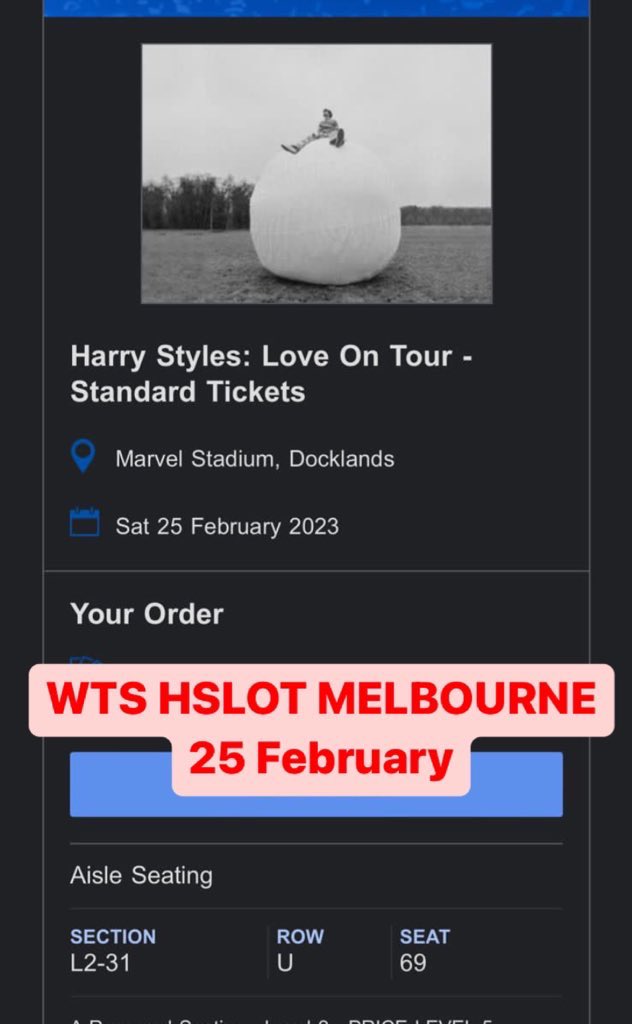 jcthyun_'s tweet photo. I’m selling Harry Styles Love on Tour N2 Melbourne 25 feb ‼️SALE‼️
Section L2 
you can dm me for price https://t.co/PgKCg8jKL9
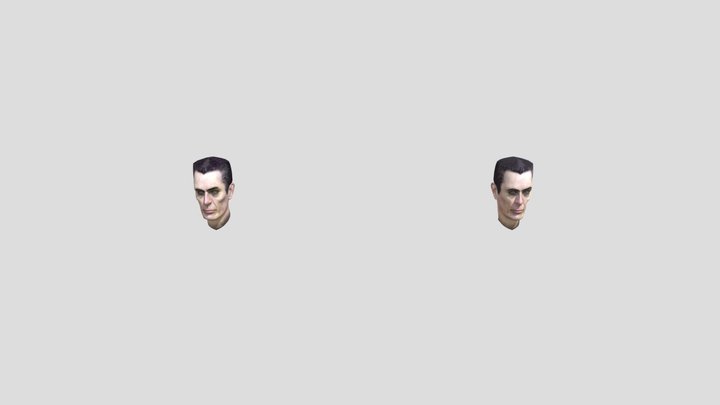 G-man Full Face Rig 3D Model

::::::::::

Aim of the task: Exactly as written, restate the listing above with its pictures omitted.

Solution for this problem:
 jcthyun_'s tweet photo. I’m selling Harry Styles Love on Tour N2 Melbourne 25 feb ‼️SALE‼️
Section L2 
you can dm me for price https://t.co/PgKCg8jKL9
 G-man Full Face Rig 3D Model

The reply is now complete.